Non-Carcinogenic Hazards, Continued.

Chronic vs. sub-chronic toxicity

RfD is based on the NOAEL from toxicity testing. But often there are many tests, and these were conducted for different lengths of time. Sometimes there are important differences between the NOAEL from chronic or lifetime tests and NOAEL from tests of a shorter duration. If those differences are known and assumed important by the toxicologist, both a chronic, sub-chronic, and sometimes short-term RfDs are presented in the toxicity evaluation. The Intake used to compute the HQ would correspond to the RfD. The RfD is assumed to be chronic, unless stated otherwise.

Different routes

For the inhalation route, you compute the HQ by dividing the ambient concentration by the RfC. The process is otherwise the same and you can add the HI from the inhalation route to the HI from the oral route when arriving at the overall HI. Dermal is more problematic. You seldom find relevant RfDs for the dermal route. Get your resident toxicologist to make relevant assumptions and computations to help you through this one. Note what you did earlier with dust and dirt referred to oral exposure from ingesting the soil, not absorption through the skin.

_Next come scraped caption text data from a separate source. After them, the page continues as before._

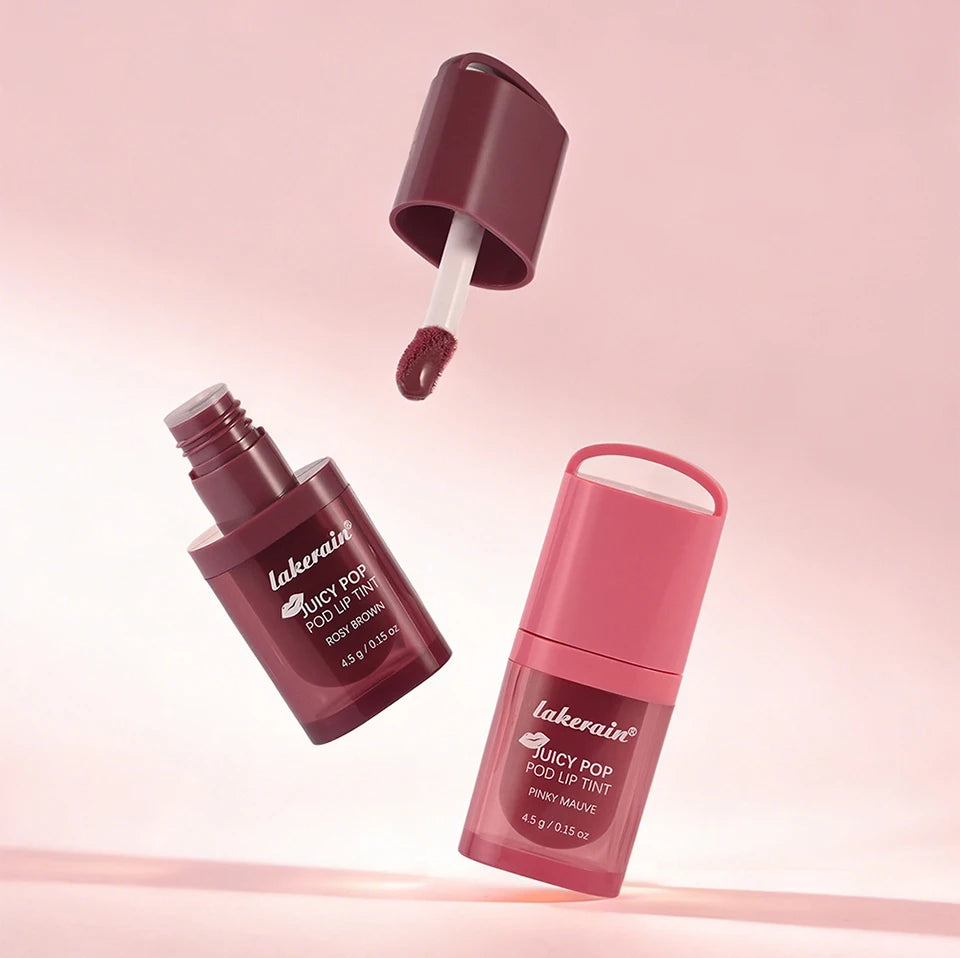 Daily Makeup Juicy Pop Pod Lip Tint Gloss with High Shine Finish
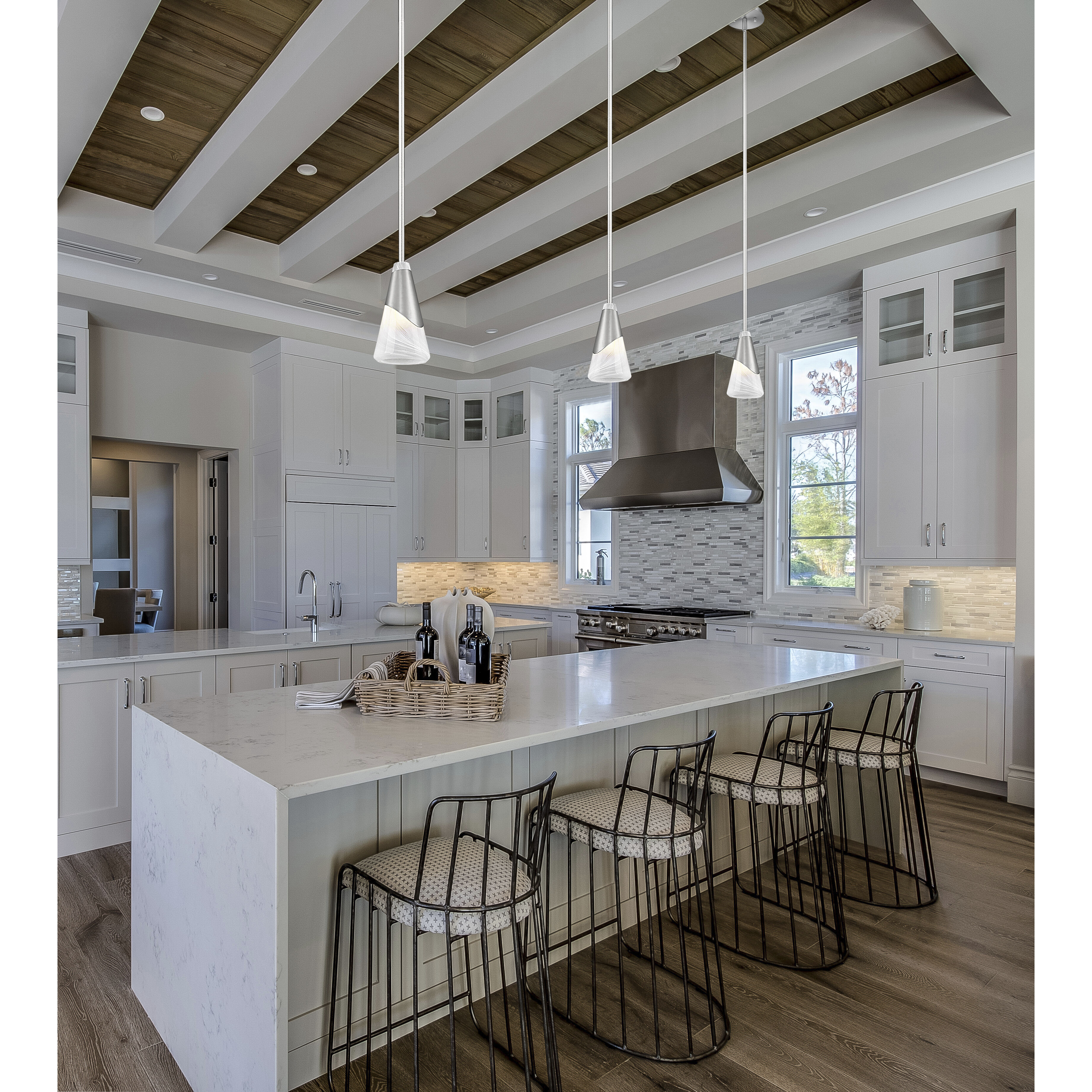 Aimie 1 Light 6 inch Brushed Nickel Pendant Ceiling Light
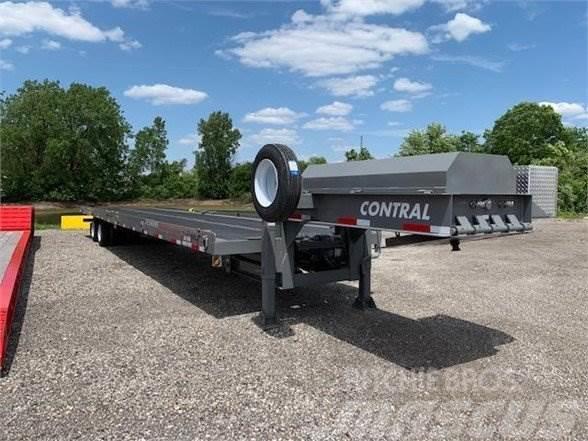  CONTRAL DROP DECK CONTAINER DELIVERY TRAILER, TAND Anhænger med containerramme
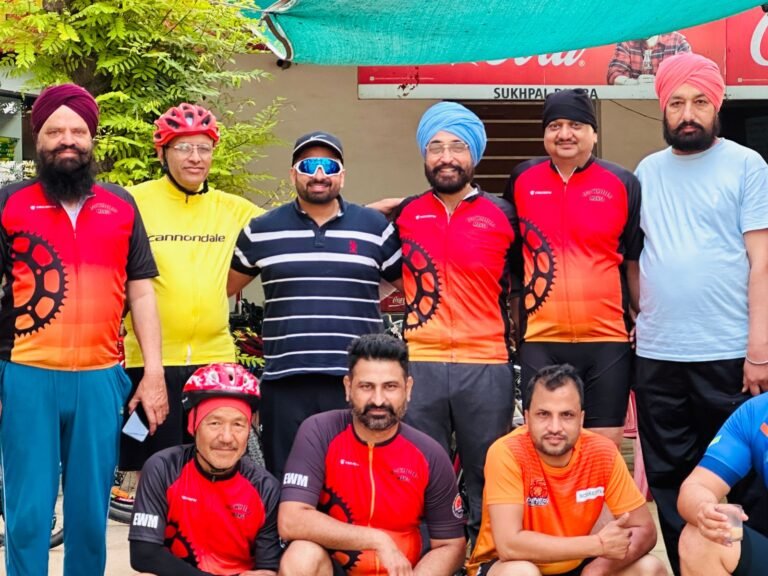 ਈਕੋ ਵੀਲਰਜ਼ ਸਾਈਕਲ ਗਰੁੱਪ ਨੇ ਆਪਣੇ ਸਟਾਰ ਰਾਈਡਰ ਨੂੰ ਦਿੱਤੀ ਨਿੱਘੀ ਵਿਦਾਇਗੀ ਪਾਰਟੀ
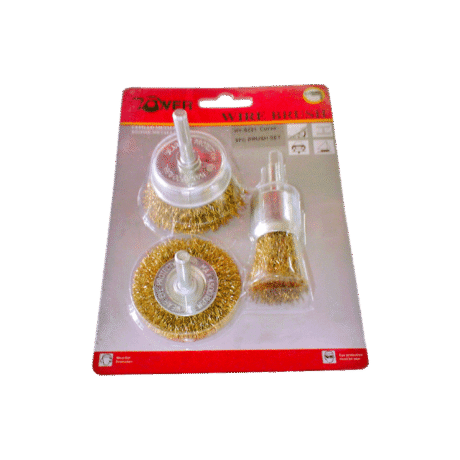 3 Parça Pimli Fırça Seti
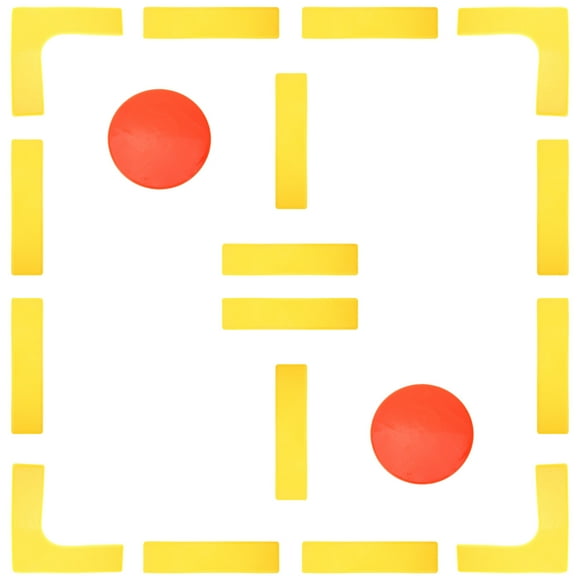 Yellow PVC Balance Spots for Protecting Non Slip Spot Markers for Sports Training 1 Set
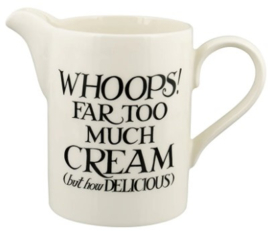 Emma Bridgewater Black Toast - Cream - Medium Straight Jug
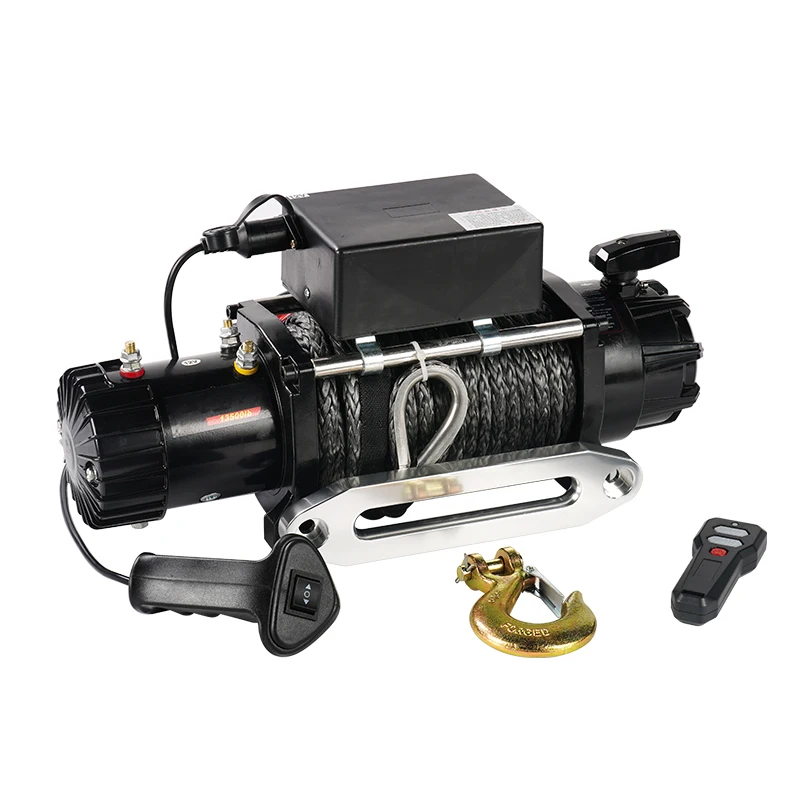 13500 Lbs Hand Operated 12v 24v 4wd Wire Rope Off-Road Winch Electric Recovery Winch Car Winch With Steel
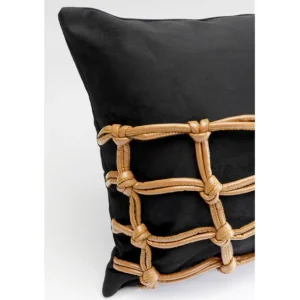 Best KARE Design Cushion Grete Plaid Black 50x30cm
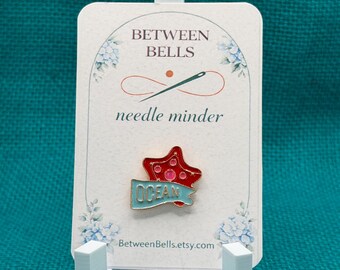 Starfish Ocean Needle Minder for Needlepoint, Cross Stitch, and Embroidery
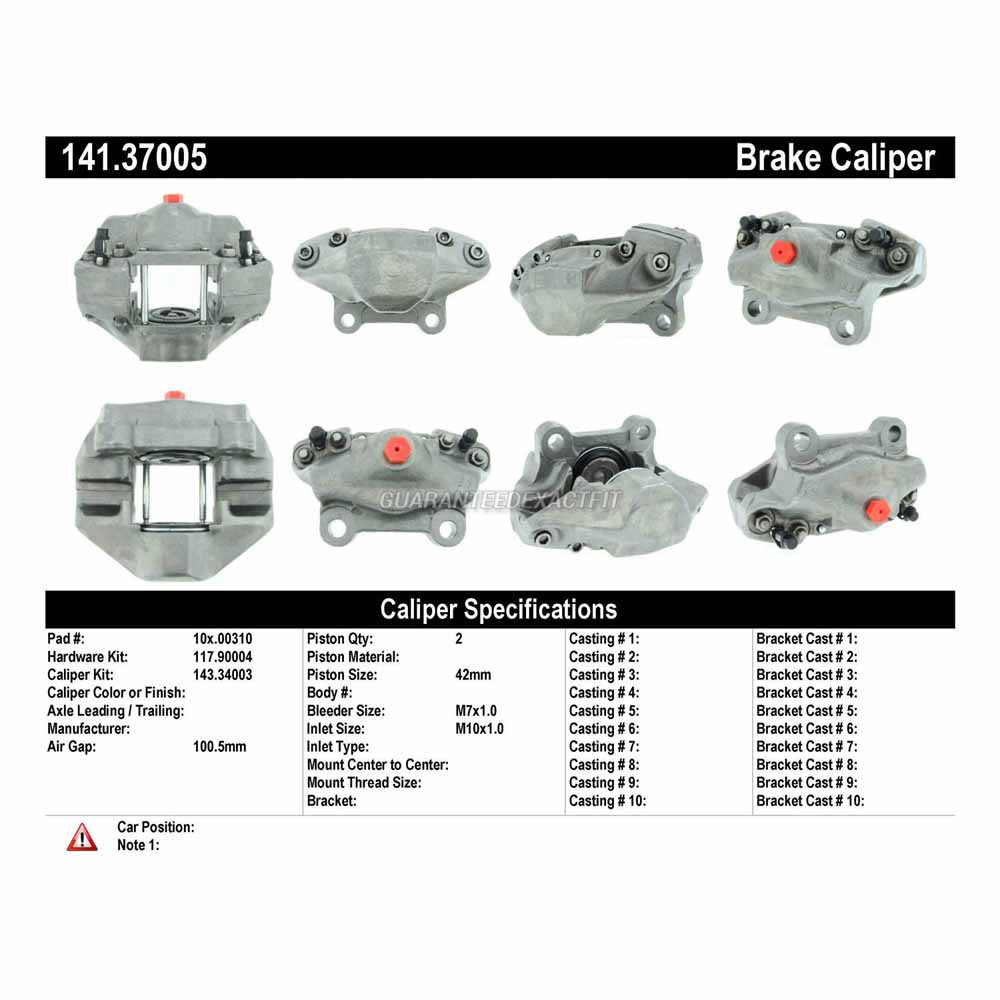 1973 Volkswagen Squareback Brake Caliper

Types of adverse health effect

If the HQ's for different chemicals are added, this is assumed conservative. That is, if the chemicals have different health effects or target organs, the HI's for the chemicals might be presented separately. I will mention here that much less is known about the combined effects of chemicals. When something is known, as it is for many drugs, the combined effects might be more or less than the sum of the individual effects.

Significant figures

The level of uncertainty in the expression of the RfD, the HQ's, and of the HI is high. Therefore they are not usually expressed to greater than whole number precision.